Arguments pertinents
1. Cumul des sanctions : Le Conseil d'État a relevé que M. B... ne critiquait que le silence de l'ordonnance concernant le cumul des sanctions disciplinaires, sans remettre en cause les dispositions des lois définissant d'autres types de sanctions. Il a affirmé que le principe de nécessité des délits et des peines ne s'oppose pas à ce que les mêmes faits puissent faire l'objet de poursuites distinctes :
> « Le principe de nécessité des délits et des peines ne fait pas obstacle à ce que les mêmes faits commis par une même personne puissent faire l'objet de poursuites différentes aux fins de sanctions de nature différente en application de corps de règles distincts. »
2. Rôle des autorités disciplinaires : Le Conseil a également souligné que les organes disciplinaires spécifiques à la profession veillent à ce que le cumul des sanctions n’excède pas le montant le plus élevé d’une des sanctions encourues, ce qui garantit un équilibre :
> « Il appartient aux autorités juridictionnelles et disciplinaires compétentes de veiller au respect de l'exigence selon laquelle, lorsque plusieurs sanctions de même nature prononcées pour un même fait sont susceptibles de se cumuler, le montant global des sanctions éventuellement prononcées ne dépasse pas le montant le plus élevé de l'une des sanctions encourues. »
3. Protection des intérêts professionnels : Le Conseil a également noté que les sanctions disciplinaires sont spécifiques à chaque profession et visent à protéger les intérêts sociaux et éthiques de la profession, ce qui justifie le cadre du droit disciplinaire :
> « L'ordre des experts-comptables [...] a pour objet d'assurer la défense de l'honneur et de l'indépendance de la profession qu'il représente ainsi que, dans ses fonctions disciplinaires, le contrôle du respect, par ces professionnels, des obligations auxquelles ils sont ainsi soumis. »
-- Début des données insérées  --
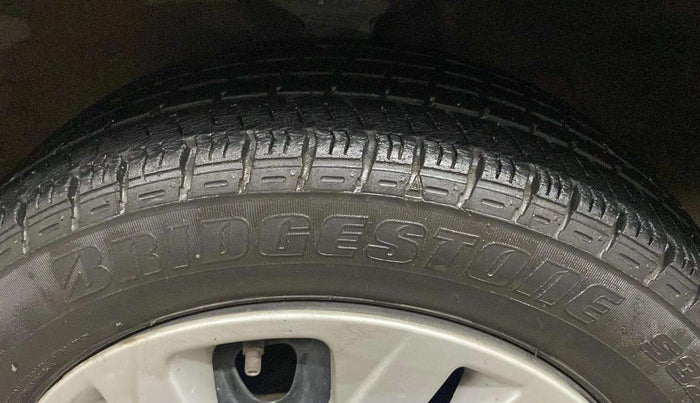2018 Maruti Alto K10 VXI, Petrol, Manual, 41,977 km, Left Front Tyre Tread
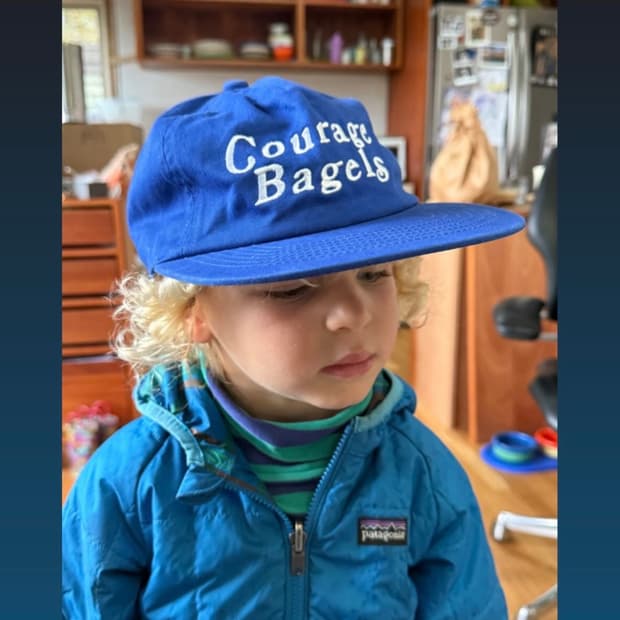 Courage bagels cap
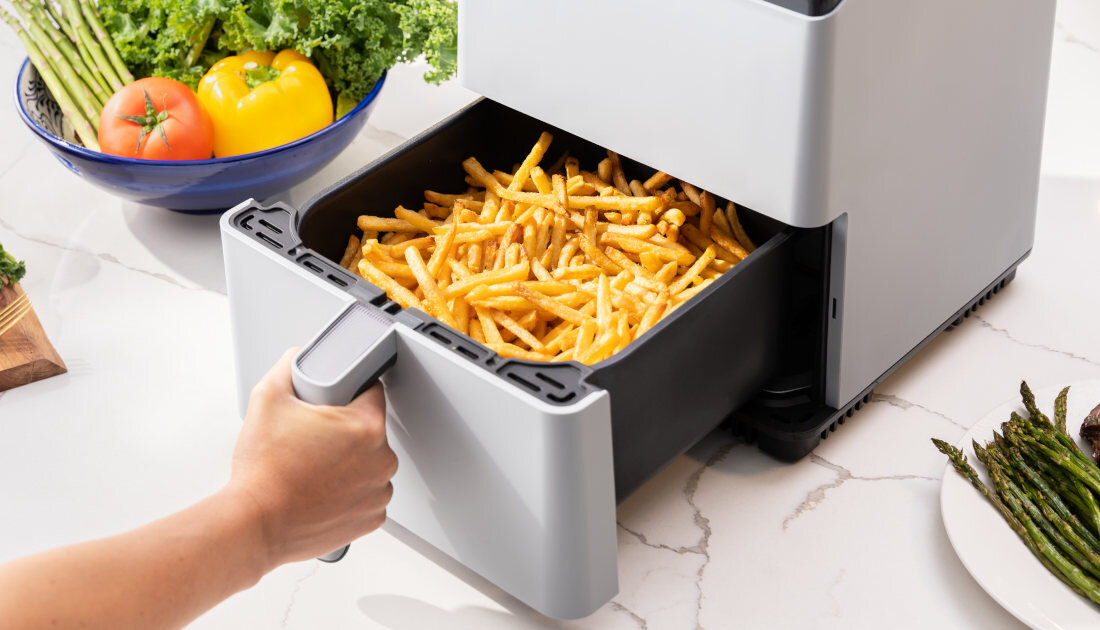 Frytkownica beztluszczowa COSORI CAF-P583S-AEUR Air Fryer pojemny kosz dla 6 osob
Interprétations et citations légales
1. Ordonnance n° 45-2138 - Article 53 : Cet article régule les sanctions disciplinaires pour les experts-comptables et évoque différents types de sanctions possibles (réprimande, suspension, radiation, etc.). Il est important de noter que ces sanctions visent à réprimer des manquements spécifiques aux obligations déontologiques de la profession.
2. Déclaration des droits de l'homme et du citoyen - Article 8 : Cet article garantit le principe de nécessité des délits et des peines, stipulant que nul ne peut être puni sans une loi ayant déterminé une infraction et une peine. Le Conseil d'État a interprété cet article en se fondant sur une jurisprudence antérieure, précisant que plusieurs corps de règles distincts peuvent coexister.
3. Ordonnance n° 58-1067 - Article 23-5 : Cet article stipule que les questions de constitutionnalité peuvent être soulevées lors d'instances devant le Conseil d'État, précisant ainsi la procédure pour contester une disposition législative. Le Conseil a appliqué ces critères et a jugé la question de M. B... comme non sérieuse.
En somme, la décision repose sur une analyse équilibrée des principes de droits disciplinaire et pénal, affirmant ainsi la légitimité et la spécificité des normes encadrant le métier d'expert-comptable.